* [WHAT TO PRODUCE] Retype every entry word for word. Omit the pictures.

* [Dataset items]
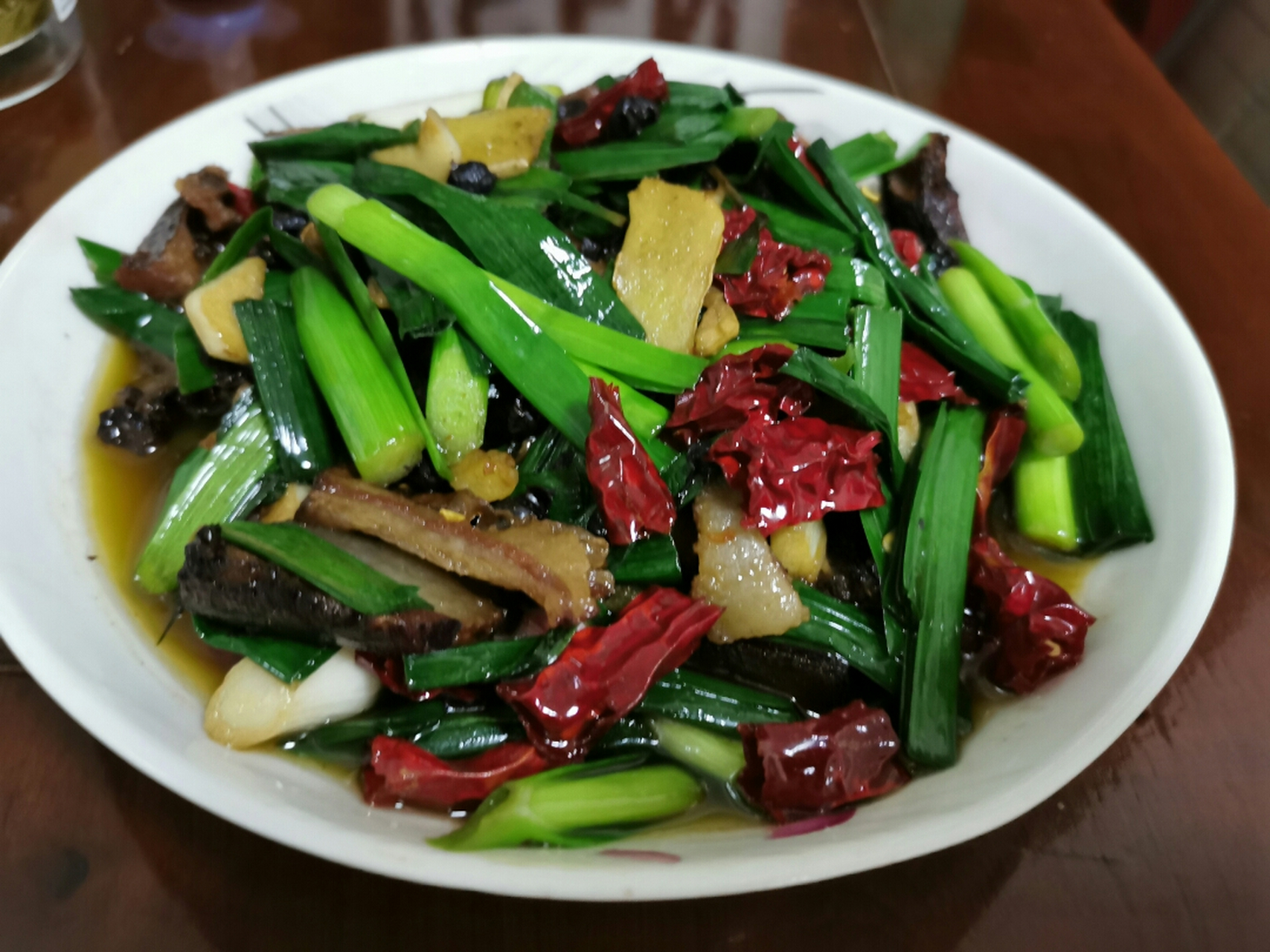 大蒜叶炒咸肉图片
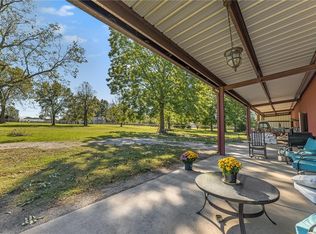 1219 Stratton Rd, Little Flock, AR 72756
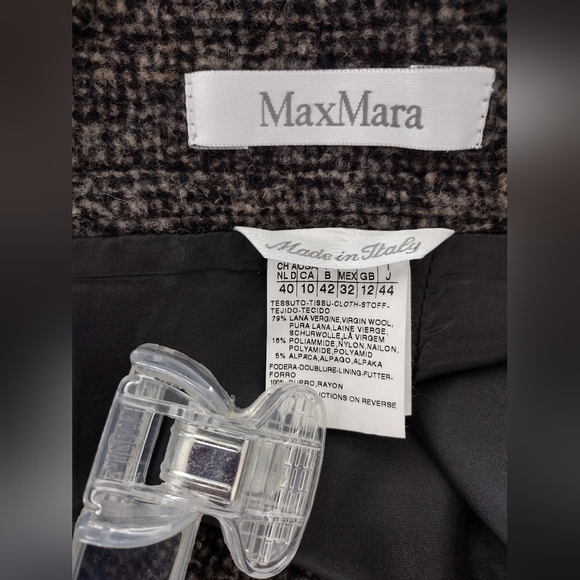 MaxMara women's high waisted wool blend pencil skirt. EUC. Size 10 (US). - Picture 10 of 12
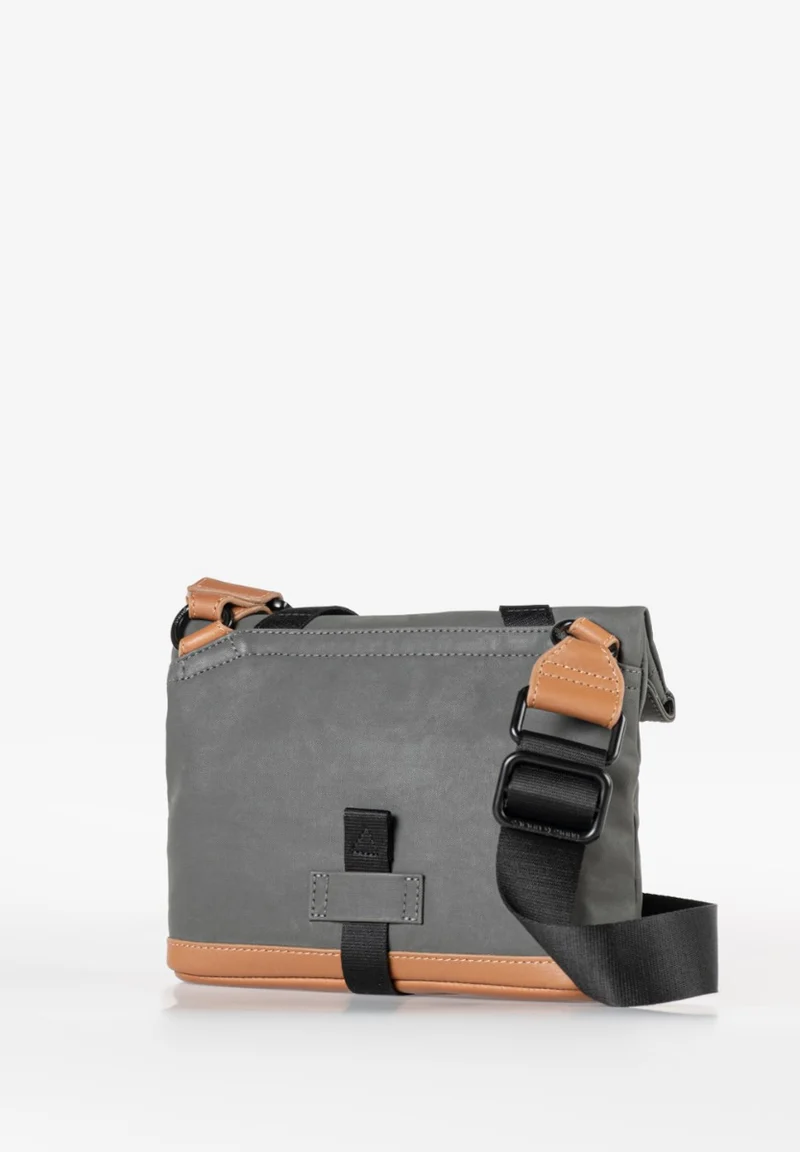 Aunts & Uncles Tsu Gürteltasche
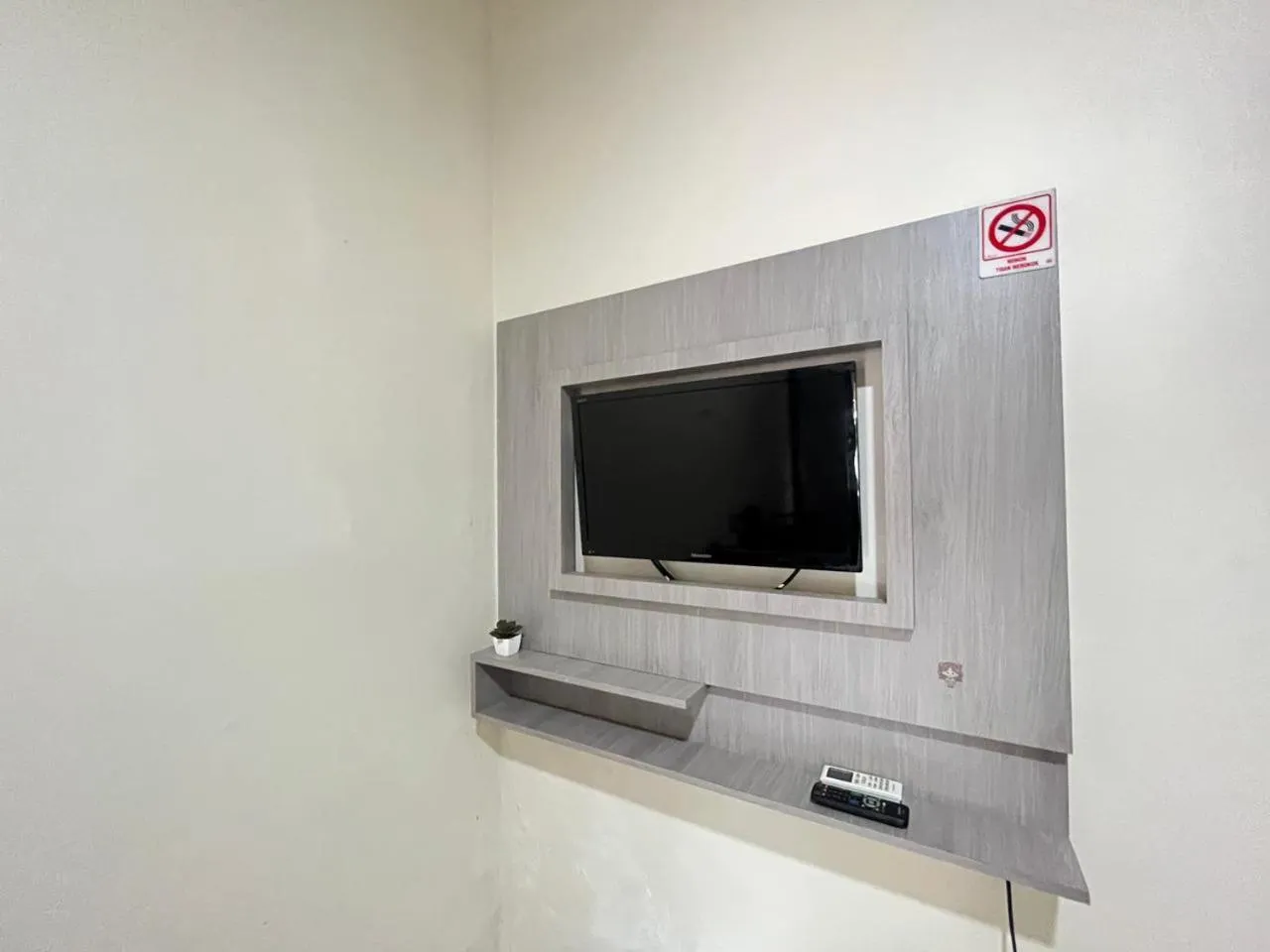 TV and multimedia in RedDoorz @ Porodisa Homestay Palu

* [RESPONSE FOR THIS EXERCISE]
 大蒜叶炒咸肉图片
 1219 Stratton Rd, Little Flock, AR 72756
 MaxMara women's high waisted wool blend pencil skirt. EUC. Size 10 (US). - Picture 10 of 12
 Aunts & Uncles Tsu Gürteltasche
 TV and multimedia in RedDoorz @ Porodisa Homestay Palu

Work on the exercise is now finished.